Find all permutations of the numbers $1,2,\ldots,9$ in which no two adjacent numbers have a sum divisible by $7$ or $13$.
Problem
Source:
Tags: combinatorics
bigbrain123
13.04.2021 17:27
In search of a simpler complementary counting method, we list the number pairs that don't work for $7$ and $13$ respectively.
$7$ - ($1,6$) ($2,5$) ($3,4$)
$13$ - ($6,7$) ($8,5$) ($9,4$)
If we list the numbers in a row, with blanks to fill in for the potential numbers. $*$ will mean any left over number. $\_$ means the two possible numbers for the corresponding pair as listed above.

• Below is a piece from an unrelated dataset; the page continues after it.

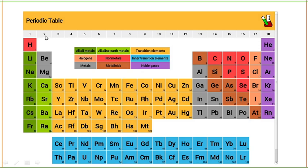In group 2, beryllium and magnesium are colored with gray color, while the rest of the elements are colored with a light shade green. The reason is that beryllium and magnesium are not considered typical group 2 elements. Group 1 elements are known as alkali metals and group 2 elements are known as alkaline earth metals except beryllium. Group 1 and group 2 together make S block elements.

For example, here is one possible arrangement:
$\_ 6 \_ 5 \_ 4 \_ * *$
The reason why we choose $6$, $5$, $4$ is because they are the only numbers which are used in summing to make both $7$ and $13$. This makes the calculations much easier, as we can now bash it with PIE.
Therefore, we have: $9! - C(6) + C(5) + C(4) - (C(6 \text{ and } 5) + C(6 \text{ and } 4) + C(4 \text{ and } 5)) + C(6 \text{ and } 5 \text{ and } 4)$
Where $C( \text{condition})$ means the number of ways for that condition to be satisfied.
Now we have:
$9! - \big{(}8! \cdot 2! \cdot 2! \cdot 3$ - ($7! \cdot 2!^2 \cdot 2!^2 \cdot 3) + (6! \cdot 2!^3 \cdot 2!^3)\big{)}$
Finally, this evaluates to be $104 \cdot 6!$ or $\fbox{74,880}$
explanation for that countingWe treat a pair of numbers which sum up to $7$ or $13$ as a "package". For example, in the case of $C(6)$, we assume that $6$ and $1$ or $7$ as a package. This reduces it to be $8!$, since $6$ and $1$ is now a package. After that, we can choose either $1$ or $7$ and whether $6,7$ or $7,6$, which is why we have $2! \cdot 2!$. A similar method is used for the other ones. The $\cdot 3$ is because the cases are symmetric.